Modified-release (MR) zolpidem was developed to maintain effective plasma concentrations during the 3- to 6-hour post-dosage interval, corresponding to the middle portion of the typical sleep interval. Modified-release zolpidem (12.5 mg), standard immediate-release (IR) zolpidem (10 mg), and placebo were compared in a doubleblind, single-dose, 3-way crossover daytime study of healthy volunteers (n = 70 completers). Effect areas for electroencephalographic ß amplitude during 0 to 8 hours and 3 to 6 hours after dosage were greater for MR compared to IR (P < .001). The digit-symbol substitution test and sedation rating scales behaved similarly. MR and IR did not differ in effects at 8 hours post-dosage nor in halflife or clearance. Time of peak plasma concentration (tmax) was significantly longer for MR (2.4 vs 2.0 hours, P < .004), and dose-normalized peak plasma concentration (Cmax) was lower (12.2 vs 14.0 ng/mL/mg, P < .001). MR zolpidem also had greater area under the plasma concentration curve (AUC) during the 3- to 6-hour interval (P < .001).

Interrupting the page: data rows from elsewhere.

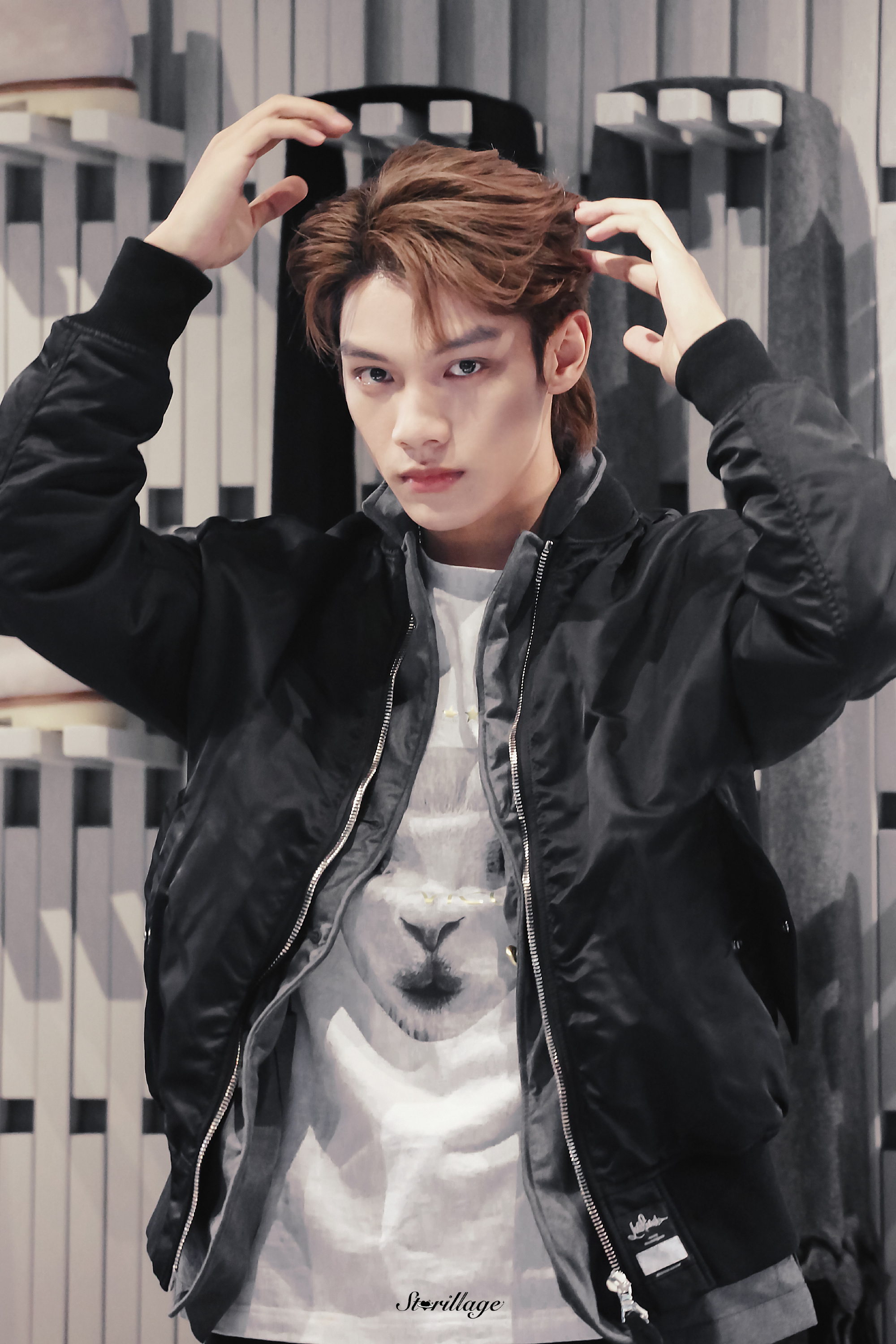 段星星今日品牌活动饭拍黑色运动服 白色内搭,休闲帅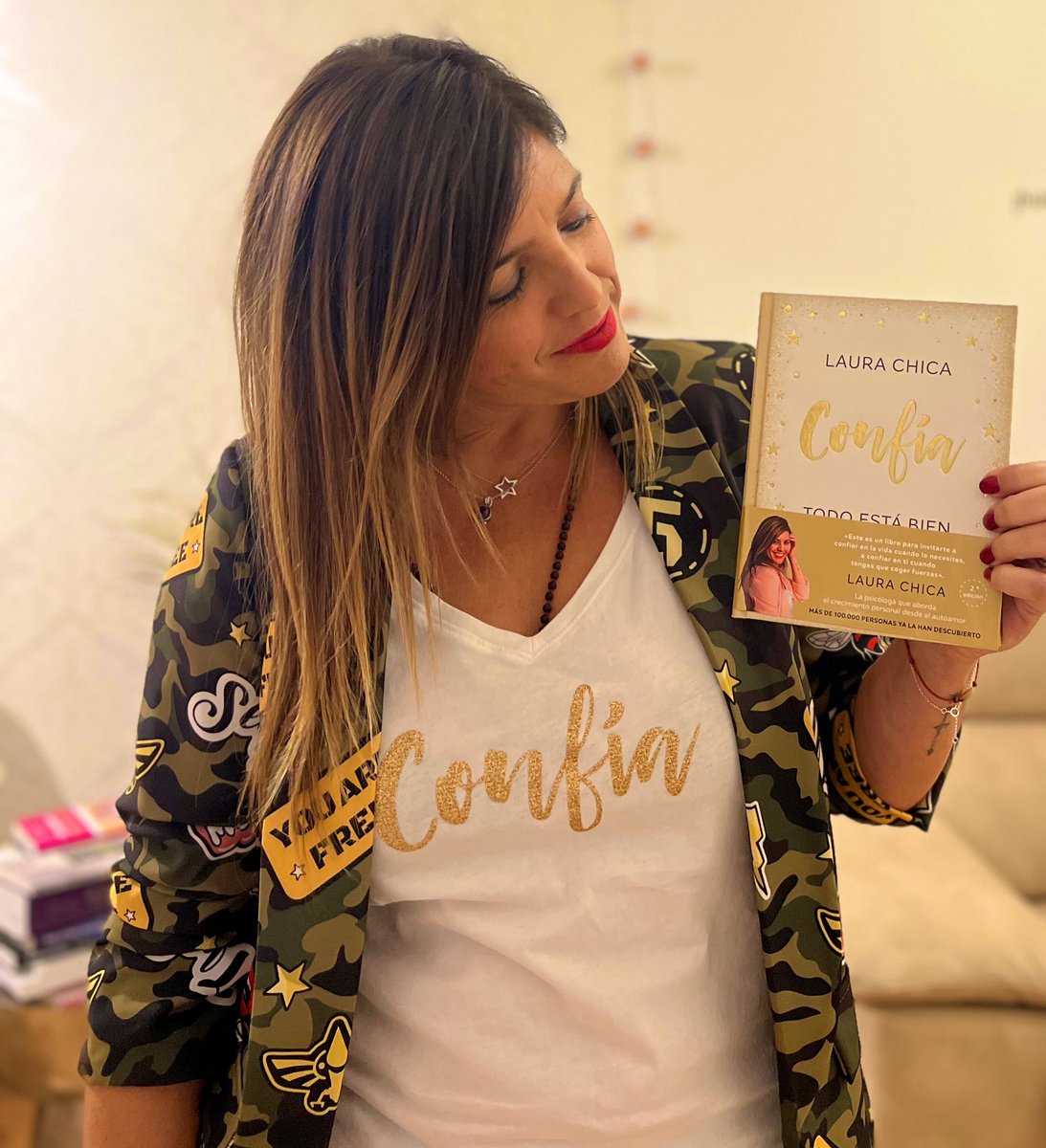 𝑳𝒂𝒖𝒓𝒂 𝑪𝒉𝒊𝒄𝒂 ☆ tweet media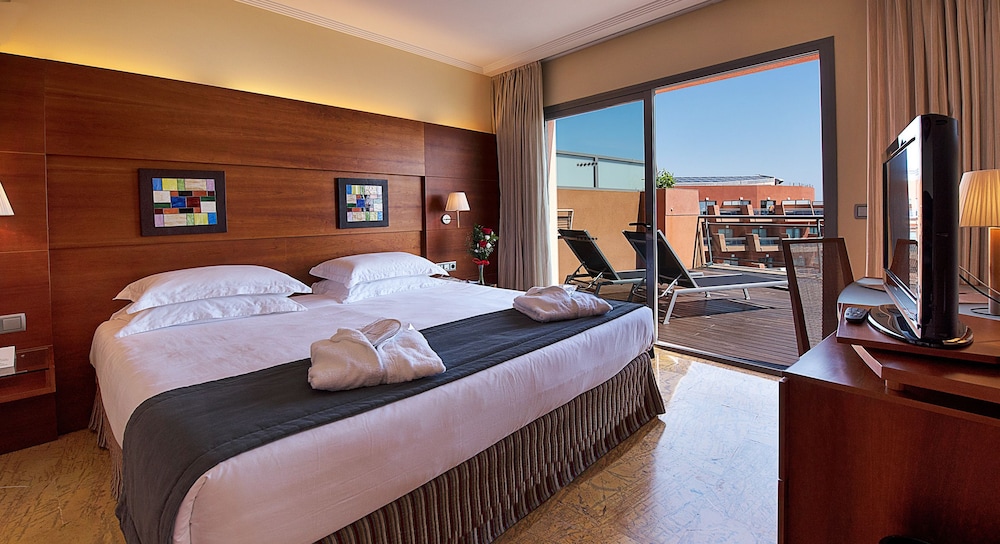 Protur Roquetas Hotel & Spa — Hotel rooms in Roquetas de Mar, Andalusia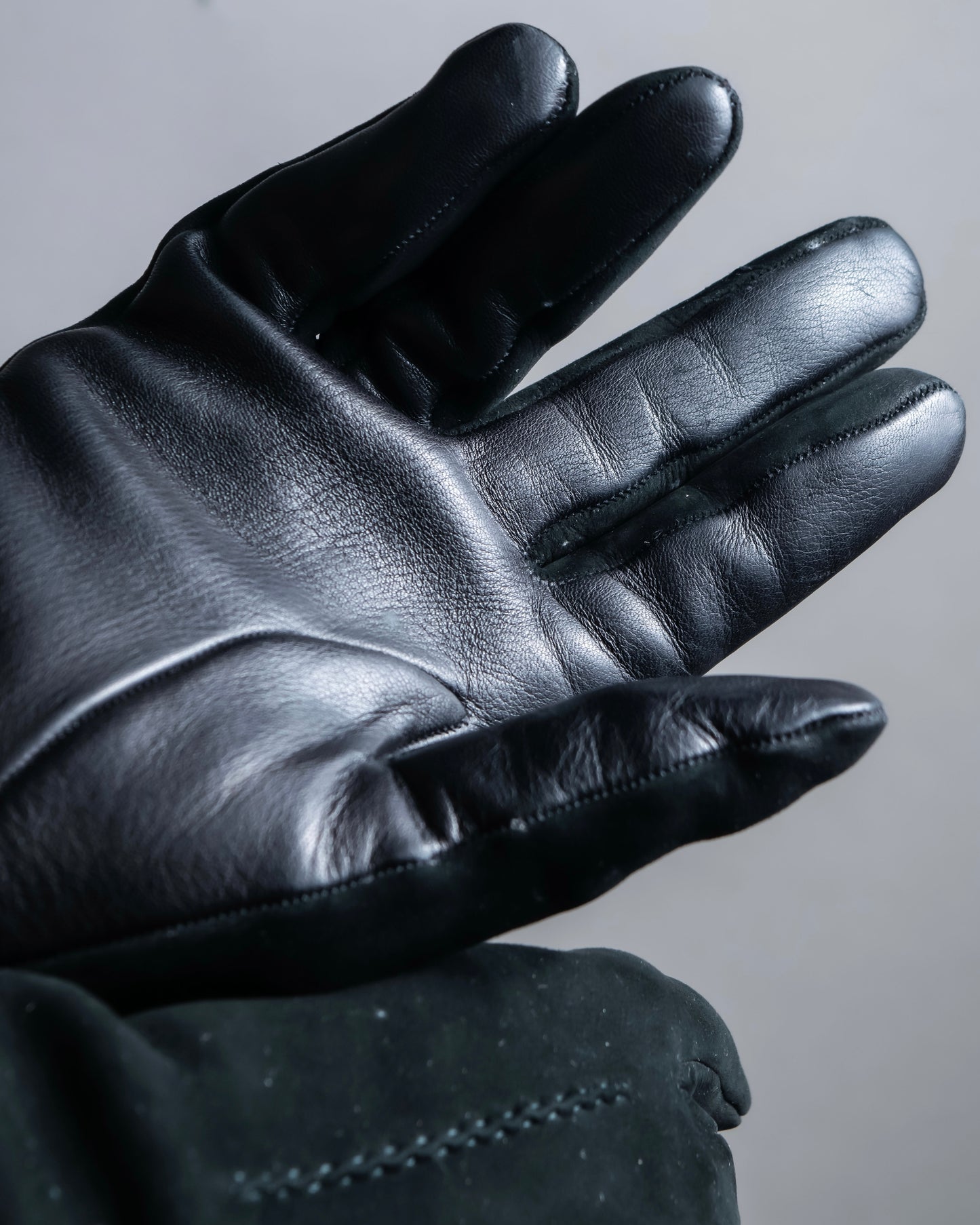 "HERMES" Leather switching design inner brushed feel gloves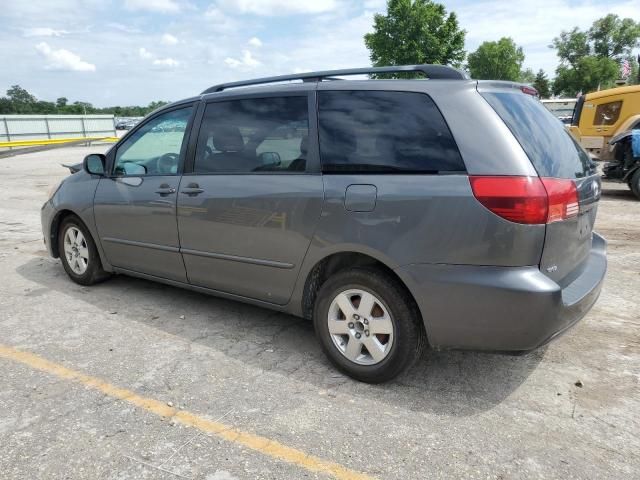 2004 Toyota Sienna CE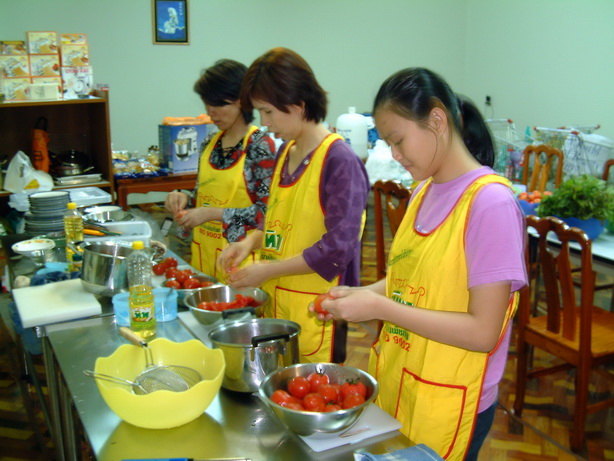 โครงการเรียนทำอาหารนานาชาติเช่นอาหารอิตาเลี่ยนอาหารยุโรปรุ่นที่2  รูปที่ 4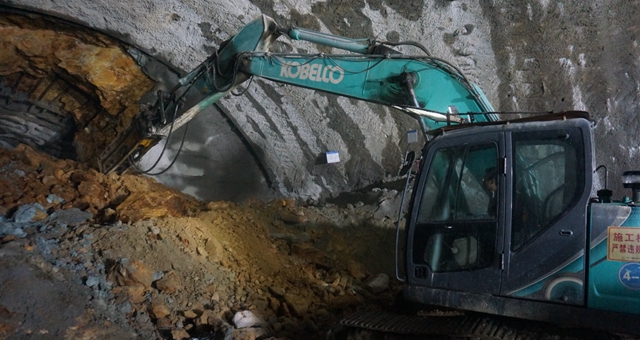 10.24公里！贛深高鐵&ldquo;第一長隧&rdquo;貫通！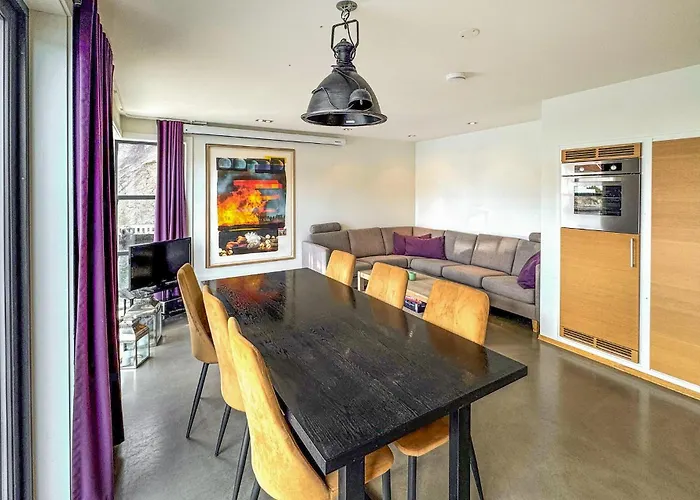 2 Bedroom Gorgeous In Hébergement de vacances *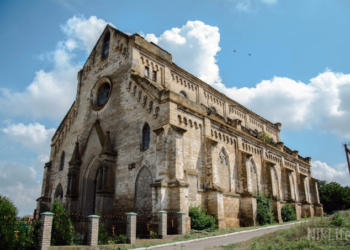 Разрушается храм Святого Петра и Павла на Николаевщине – за помощью в реставрации обращались даже в Германию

Thus, MR zolpidem produces sustained plasma levels compared to IR, with resulting enhancement of pharmacodynamic effects in the 3- to 6-hour post-dosage interval.
Key Words: Zolpidem modified release electroencephalography pharmacokinetics pharmacodynamics
Address for reprints: David J. Greenblatt, MD, Department of Pharmacology and Experimental Therapeutics, Tufts University School of Medicine, 136 Harrison Avenue, Boston, MA 02111; e-mail: dj.greenblatt{at}tufts.edu.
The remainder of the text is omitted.